At high altitudes, pressure decreases to 0.5 atm. Non-smokers can breathe 7.2L of air per minute. How many liters of air can they breathe at sea level? (1 atm)

To answer this question, we will use the Boyle's Law, which states that the product of pressure (P) and volume (V) is constant for a given amount of gas at a constant temperature. In this case, we have two different pressure conditions: high altitudes (0.5 atm) and sea level (1 atm).

We are given the volume of air breathed at high altitudes (7.2L) and asked to find the volume at sea level.

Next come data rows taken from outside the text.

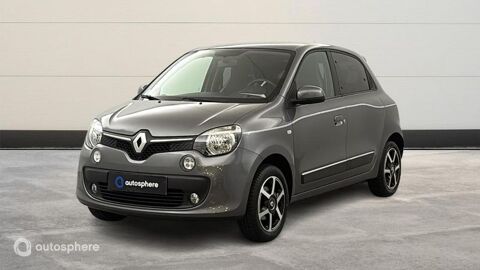 Renault Twingo 0.9 TCe 90ch energy Intens Euro6c 2018 occasion Neuilly-sur-Seine 92200
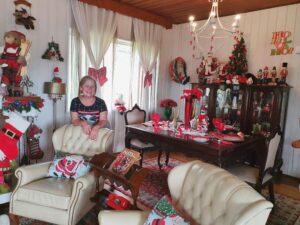Casa do Papai Noel na Montanha – Campos do Jordão/SP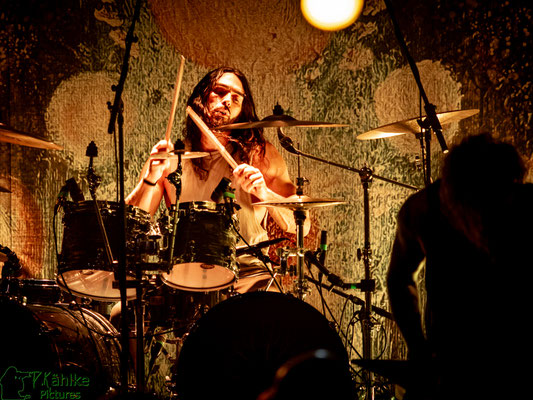 Equilibrium | Modern Primitive European Tour | 30.10.2024 | Backstage München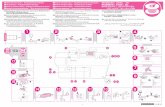 EN Quick Reference Guide 1 - Winding/Installing the …...XH1992-001 159 7a 4 a c~f 3 2 8 1 0 6 bg 8 11.5mm 1 2 3 4 5 6 7 d c b a 0 9 e 1 2 1 2 START g 3 1 2 1 2 3 2 1 f Quick Reference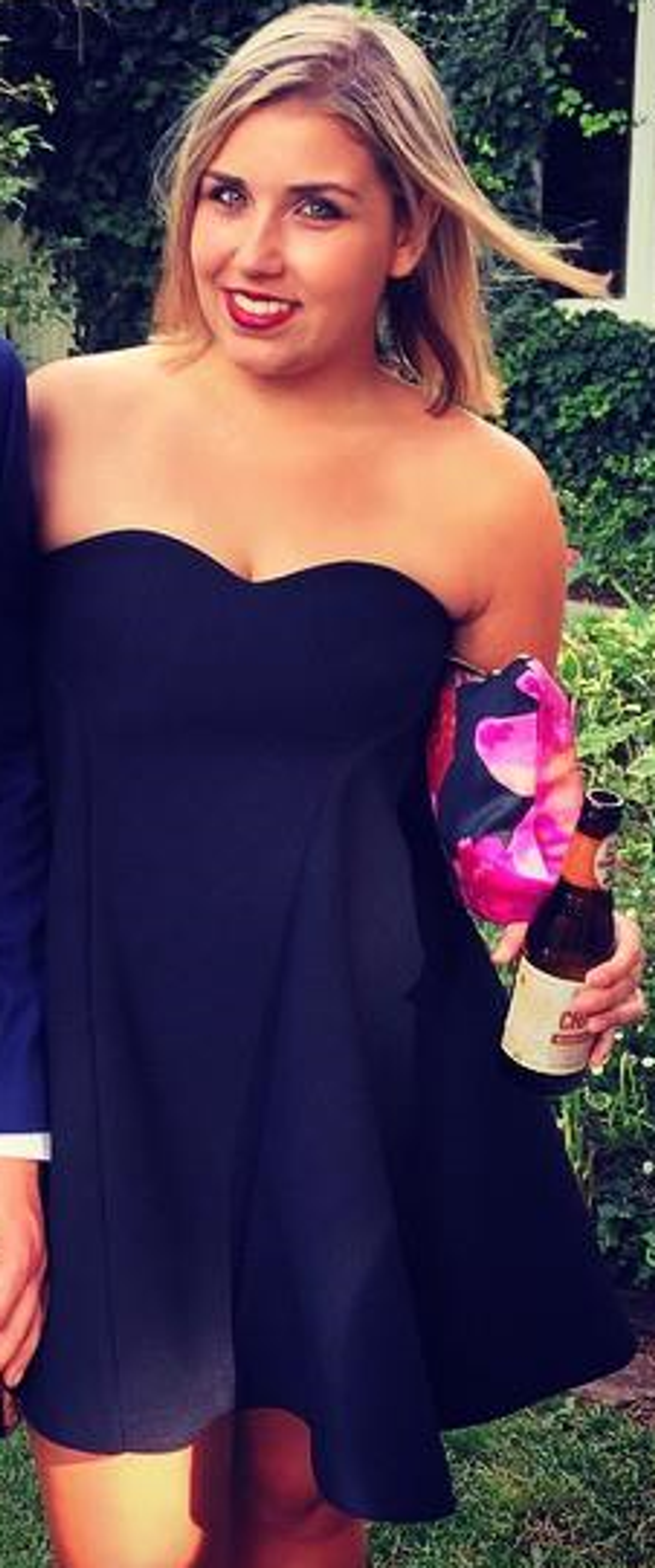 Alice McCall Black Dress  - Image 2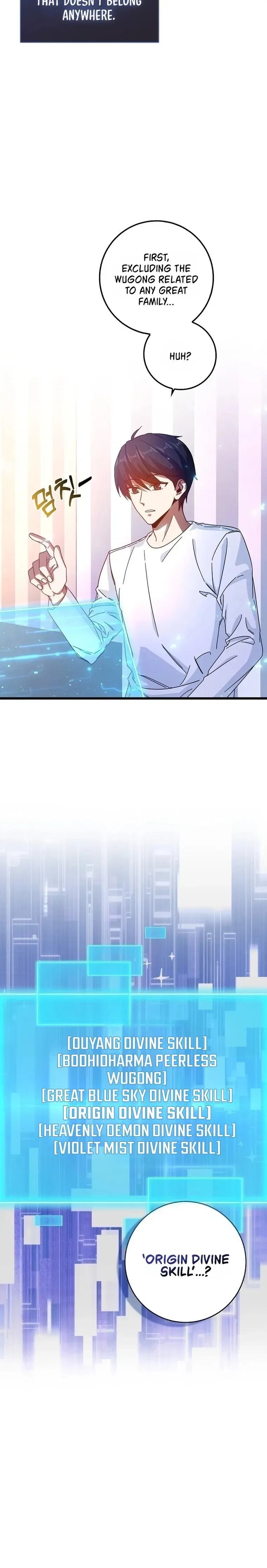 RETURN OF THE MARTIAL ARTS GENIUS Chapter 2 – Page 3
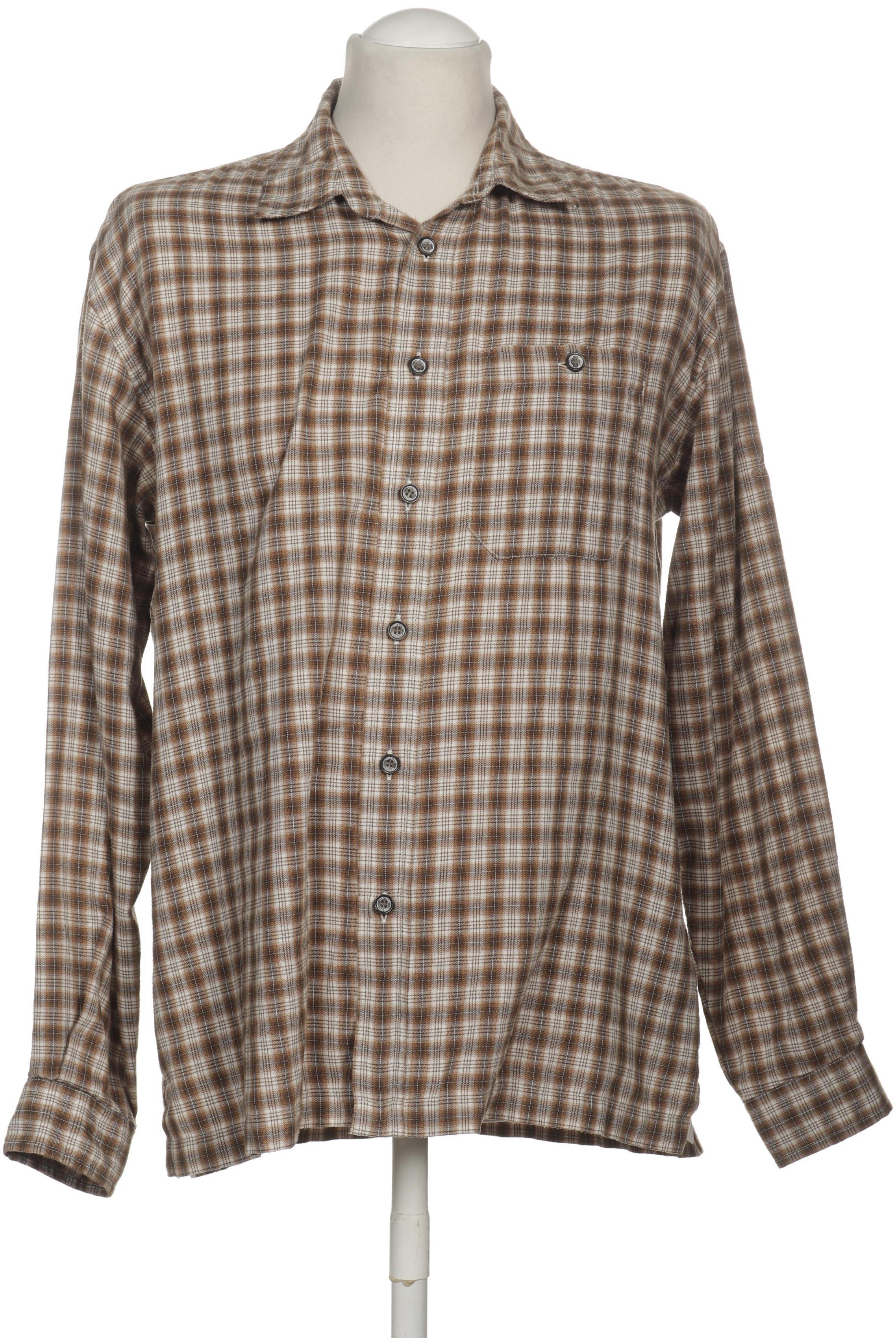 Thumbnail - Vaude Herren Hemd, braun, Gr.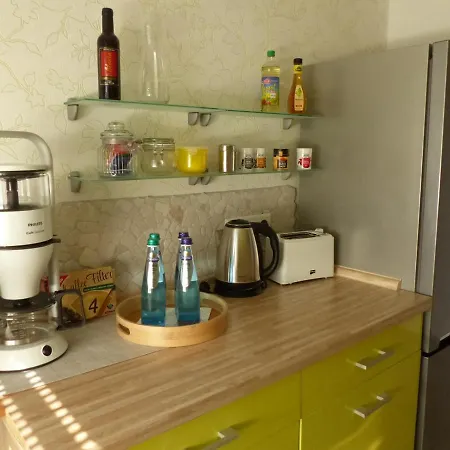 Apartment Ferienwohnung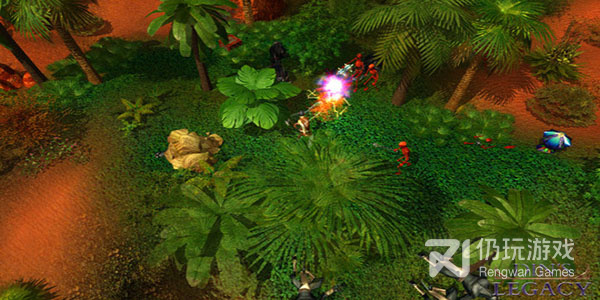 3D动漫手游合集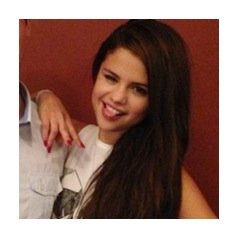una selfie con selena pls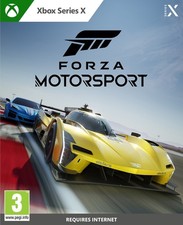 Forza Motorsport | Xbox Series X New Sealed Game
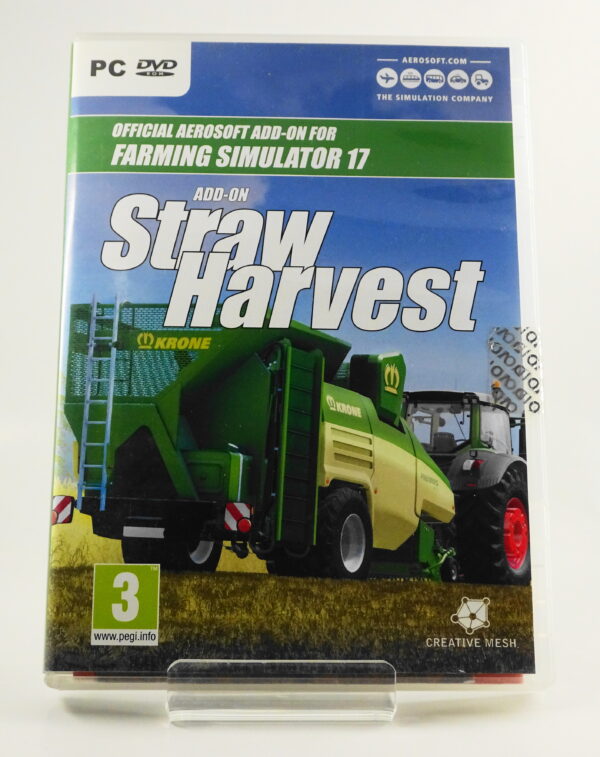 ADD-ON Straw Harvest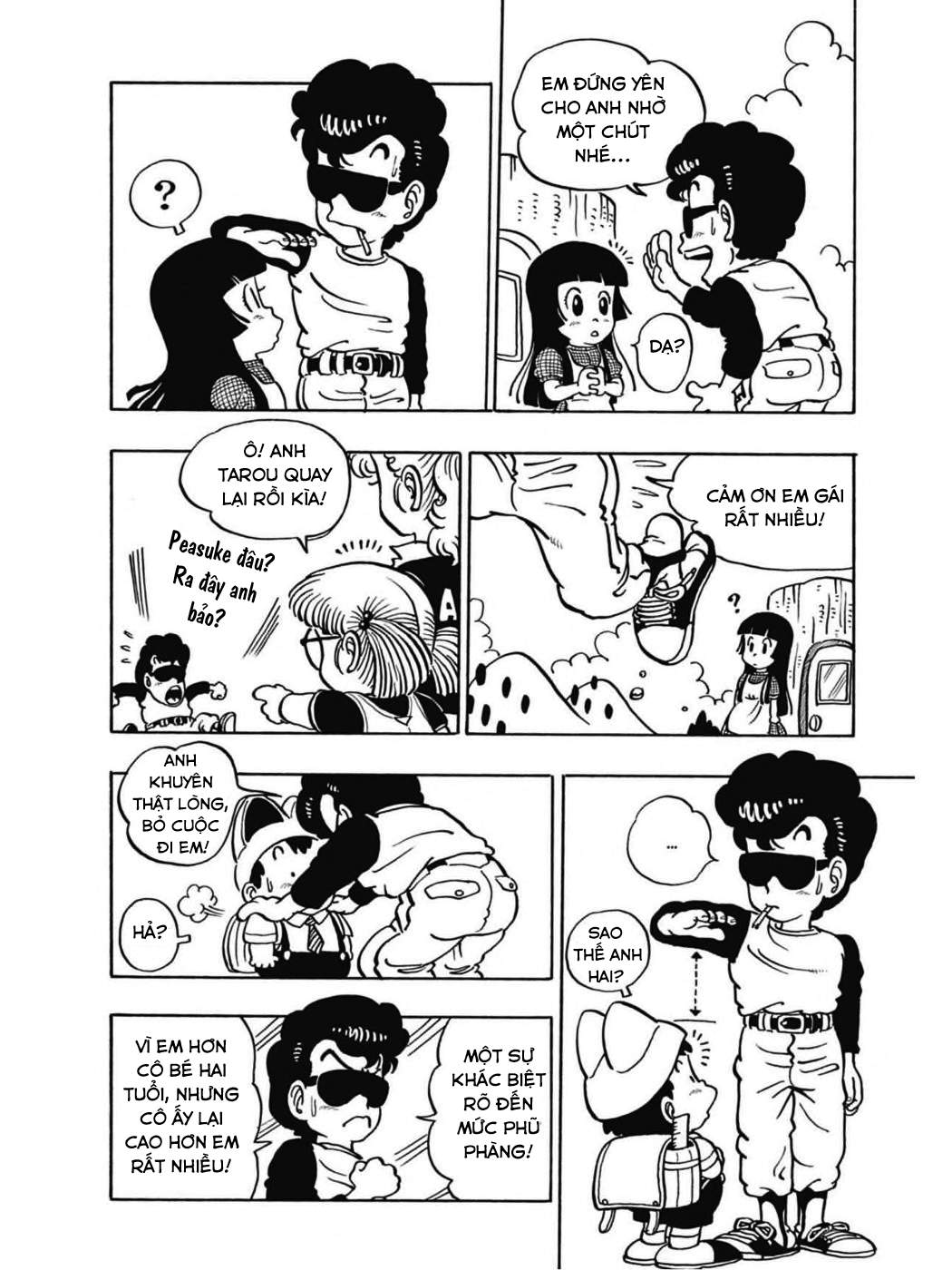 Dr. Slump - Chương 63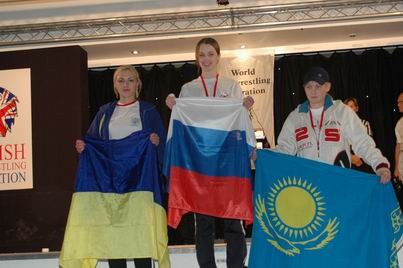 World Armwrestling Championships 2006 Day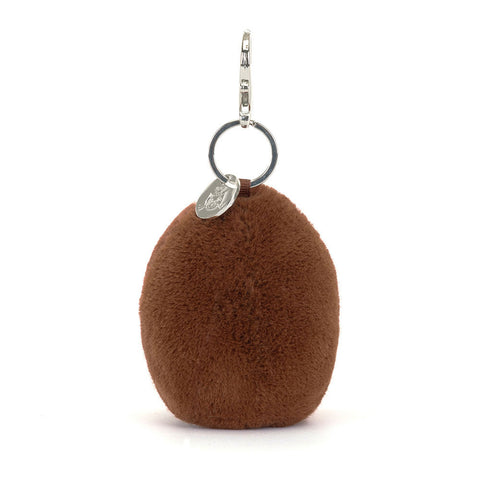*Jellycat Amuseables Coffee Bean Bag Charm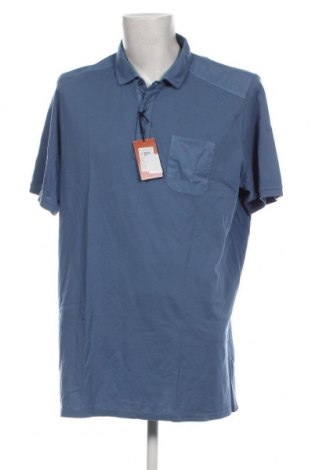 Herren Shirt State Of Art, Größe 3XL, Farbe Blau, Preis € 55,67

Step 1: Write down the given information:
P1 = 0.5 atm (pressure at high altitudes)
V1 = 7.2L (volume of air breathed at high altitudes)
P2 = 1 atm (pressure at sea level)
V2 = ? (volume of air breathed at sea level; this is what we need to find)

Step 2: Apply Boyle's Law:
P1 × V1 = P2 × V2

Step 3: Plug in the given values and solve for V2:
(0.5 atm) × (7.2L) = (1 atm) × V2

Step 4: Solve for V2:
V2 = (0.5 × 7.2) / 1
V2 = 3.6L

So, non-smokers can breathe 3.6 liters of air per minute at sea level (1 atm).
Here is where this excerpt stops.